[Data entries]
§ §

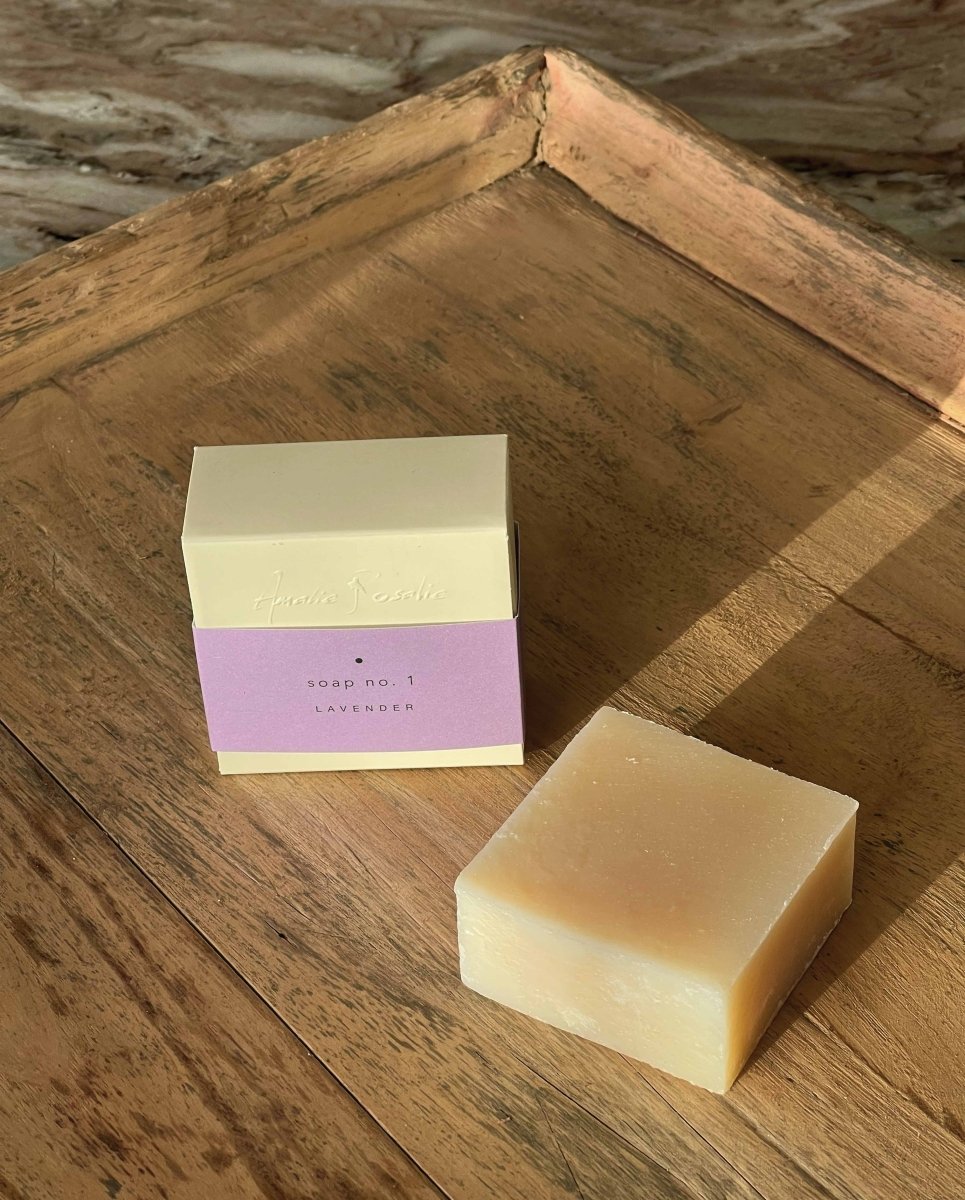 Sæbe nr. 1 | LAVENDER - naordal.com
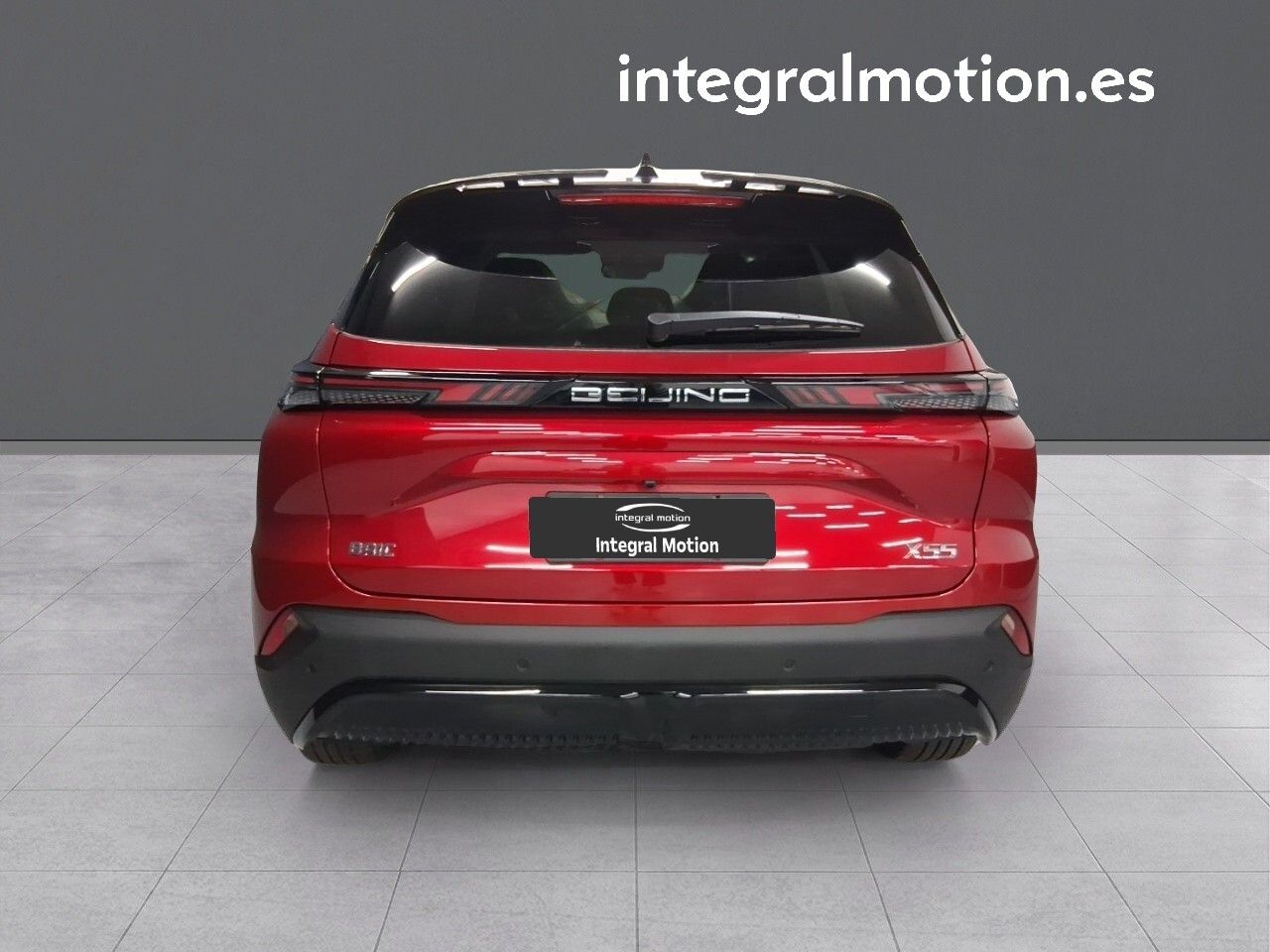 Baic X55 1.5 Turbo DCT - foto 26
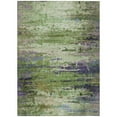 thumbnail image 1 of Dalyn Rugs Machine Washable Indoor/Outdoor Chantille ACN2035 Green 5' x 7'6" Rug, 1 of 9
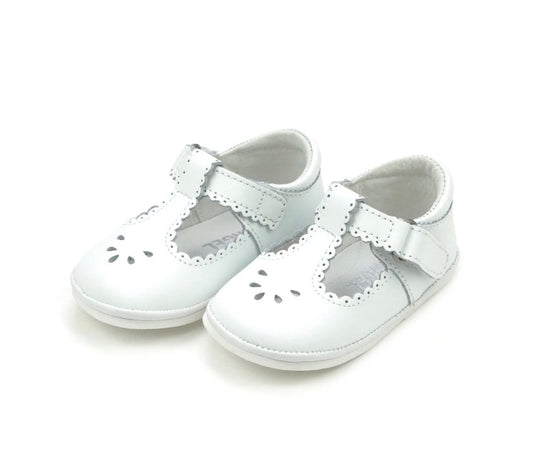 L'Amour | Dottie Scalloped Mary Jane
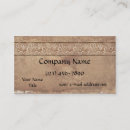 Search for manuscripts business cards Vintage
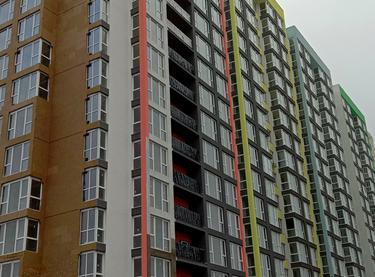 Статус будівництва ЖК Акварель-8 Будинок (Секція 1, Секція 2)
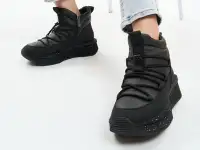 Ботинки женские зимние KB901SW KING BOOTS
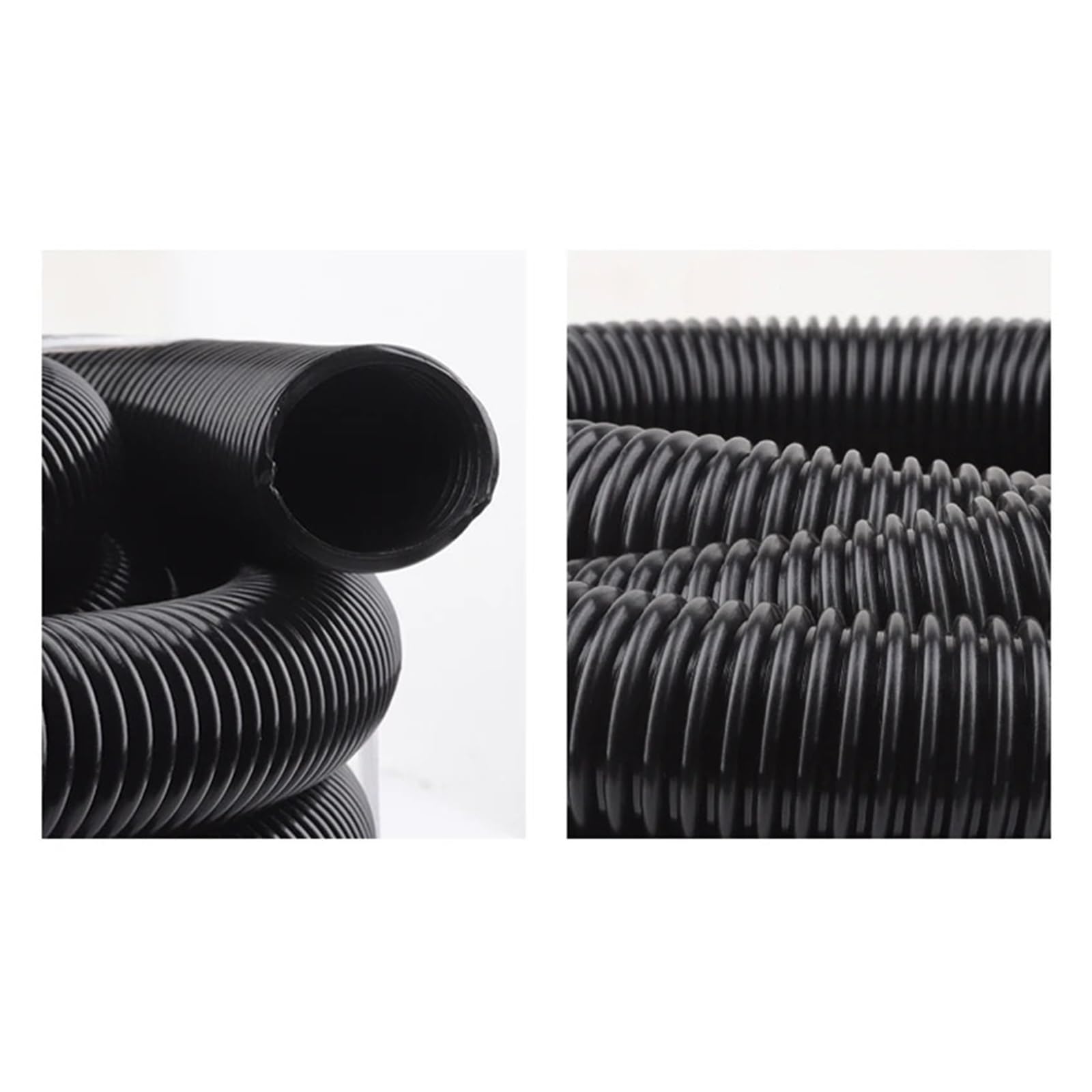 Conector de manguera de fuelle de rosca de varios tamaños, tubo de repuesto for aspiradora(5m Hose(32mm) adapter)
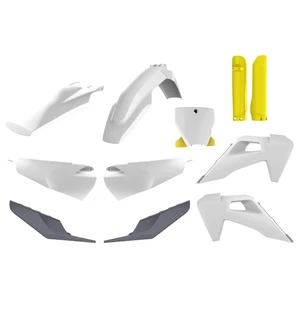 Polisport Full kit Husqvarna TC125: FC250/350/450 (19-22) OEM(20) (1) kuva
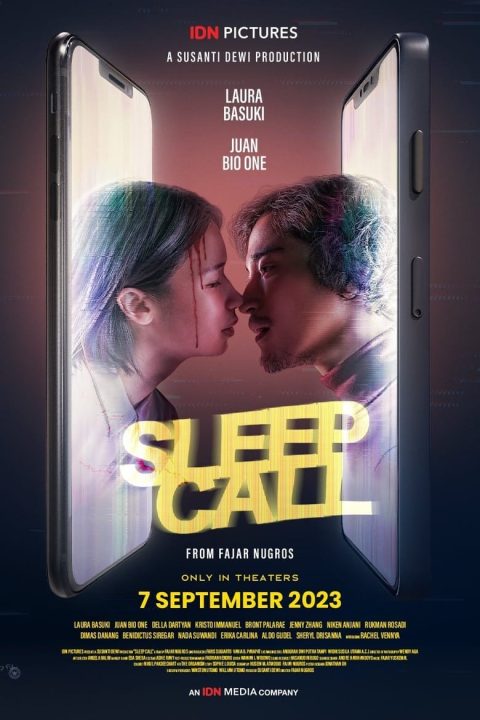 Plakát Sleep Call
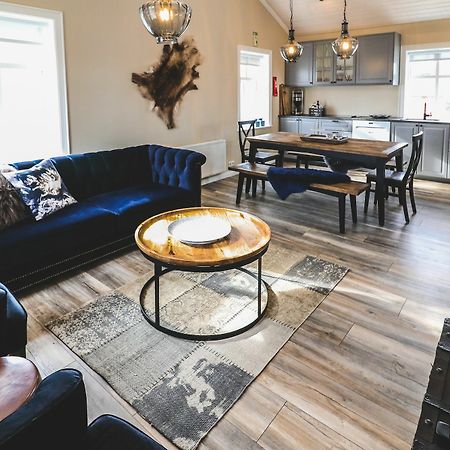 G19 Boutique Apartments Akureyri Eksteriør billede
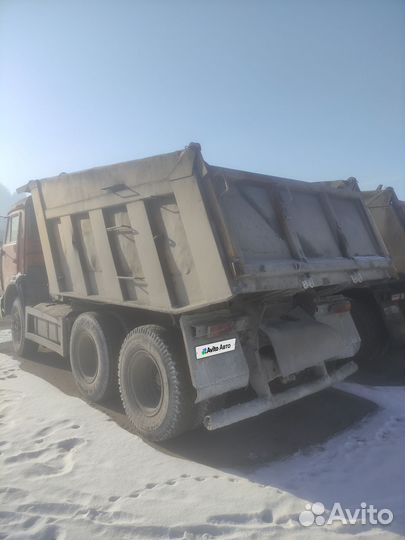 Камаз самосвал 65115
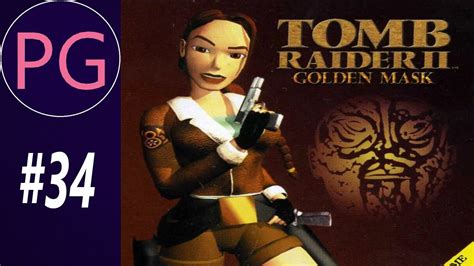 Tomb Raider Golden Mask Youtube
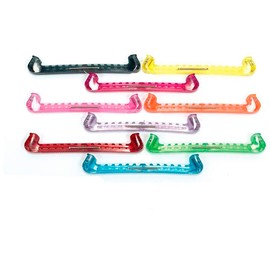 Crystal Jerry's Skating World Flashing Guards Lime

§ §

--- What to produce ---
Exclude the pictures and give back the rest of the data above exactly as written.

--- Solution ---
 Sæbe nr. 1 | LAVENDER - naordal.com
 Baic X55 1.5 Turbo DCT - foto 26
 thumbnail image 1 of Dalyn Rugs Machine Washable Indoor/Outdoor Chantille ACN2035 Green 5' x 7'6" Rug, 1 of 9
 L'Amour | Dottie Scalloped Mary Jane
 Search for manuscripts business cards Vintage
 Статус будівництва ЖК Акварель-8 Будинок (Секція 1, Секція 2)
 Ботинки женские зимние KB901SW KING BOOTS
 Conector de manguera de fuelle de rosca de varios tamaños, tubo de repuesto for aspiradora(5m Hose(32mm) adapter)
 Polisport Full kit Husqvarna TC125: FC250/350/450 (19-22) OEM(20) (1) kuva
 Plakát Sleep Call
 G19 Boutique Apartments Akureyri Eksteriør billede
 Камаз самосвал 65115
 Tomb Raider Golden Mask Youtube
 Crystal Jerry's Skating World Flashing Guards Lime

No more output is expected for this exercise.